Lumsden weathered the public opposition, sometimes resorting to hitting back and labeling those opposed to the abattoir as members of the “cesspool that is social media” who were making “incredulous and illogical claims” that the abattoir would impact on indigenous farming activities.

His project also failed to get the endorsement of the Department of Veterinary Services, which said it had not licensed or received any application towards the licensing of a donkey abattoir business anywhere in Zimbabwe.

The department is a branch of the Ministry of Agriculture and Land Reform, which administers abattoir inspections and certification under the Veterinary Public Health Act and issues livestock transit and slaughter permits.

After nearly a week of heated debate during, which animal welfare organisations threatened collective court action to stop the abattoir, the department ruled out any prospects of licensing a donkey abattoir business in a circular to all provincial veterinary officers.

“I am sure you are all aware of the anxiety, acrimony, havoc and mayhem that has been generated among the Zimbabwean public by the construction of a donkey abattoir in Bulawayo.

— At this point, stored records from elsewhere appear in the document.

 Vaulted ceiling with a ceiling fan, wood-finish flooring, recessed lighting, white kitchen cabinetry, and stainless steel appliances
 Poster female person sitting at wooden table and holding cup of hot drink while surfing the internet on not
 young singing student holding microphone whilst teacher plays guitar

You are hereby advised that the said abattoir, or any for that matter, will not be registered to operate in Zimbabwe, and that no donkey will ever be slaughtered at any abattoir,” stated the circular, written on October 9 2017 by departmental director Josphat Nyika.

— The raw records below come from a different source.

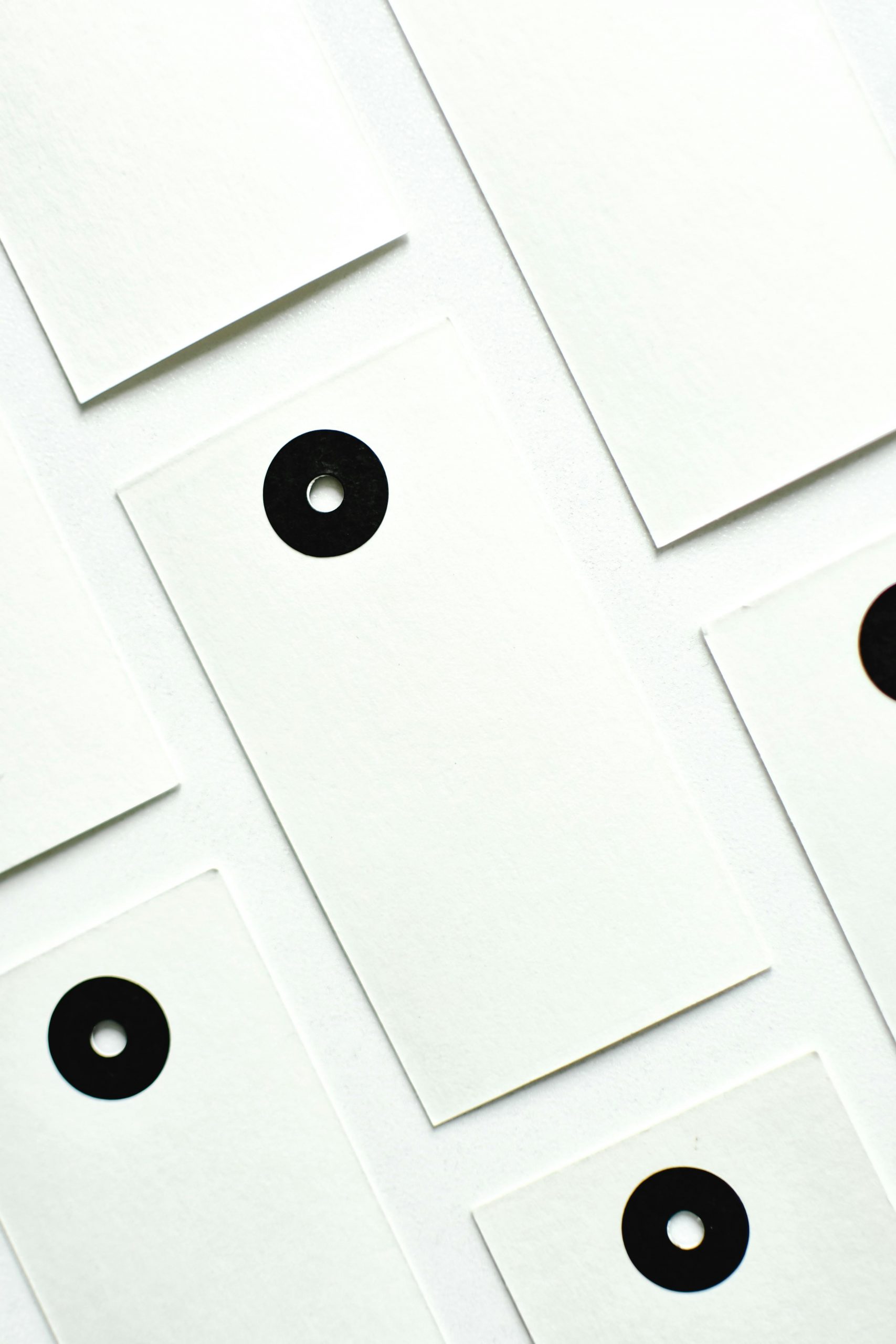 Abstract minimalist composition featuring white tags with black eyelets arranged on a white background.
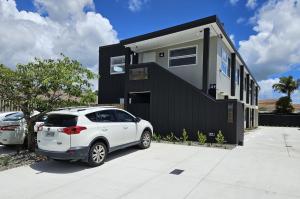 ein weißes Auto, das vor einem Haus parkt in der Unterkunft Redwood Apartments in Rotorua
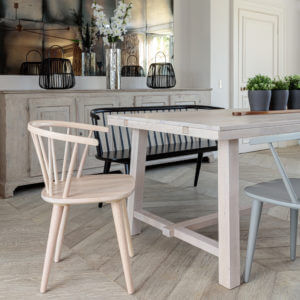 left angle view of Kitsilano 1.7m extendable solid oak dining table-whitewash with 3 plant pots on in farmhouse room
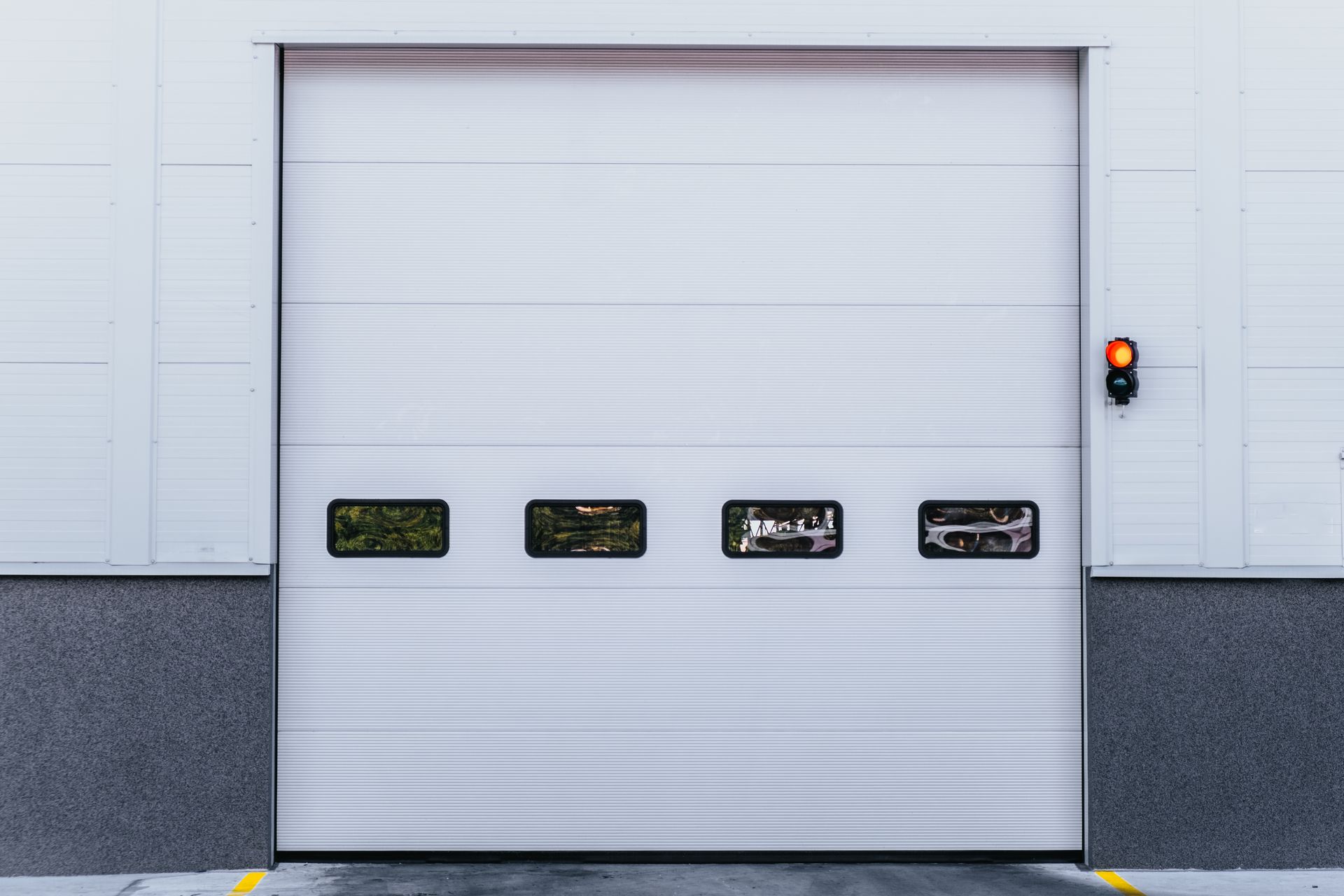 Une porte de garage sectionnelle industrielle blanche fermée, avec quatre petites fenêtres et un feu de signalisation sur le mur de droite.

“Officers who have been involved, directly or indirectly, in the construction of the said abattoir are hereby ordered to stop their participation forthwith, and the said abattoir should be closed immediately. Provincial veterinary officers are hereby directed to advise all their field staff not to issue [donkey] movement permits to the abattoir.”

Political ‘fathers’

Lumsden shrugged off reports that because the department had ruled out licensing his facility, it would end up a white elephant.

He said the licensing issue would be decided by “our fathers”, a reference to ministers in the government of former president Robert Mugabe.

“I knew there would be resistance from particular sectors like the Society for the Prevention of Cruelty to Animals, Donkey Protection Trust, Veterinarians for Animal Welfare Zimbabwe and the like.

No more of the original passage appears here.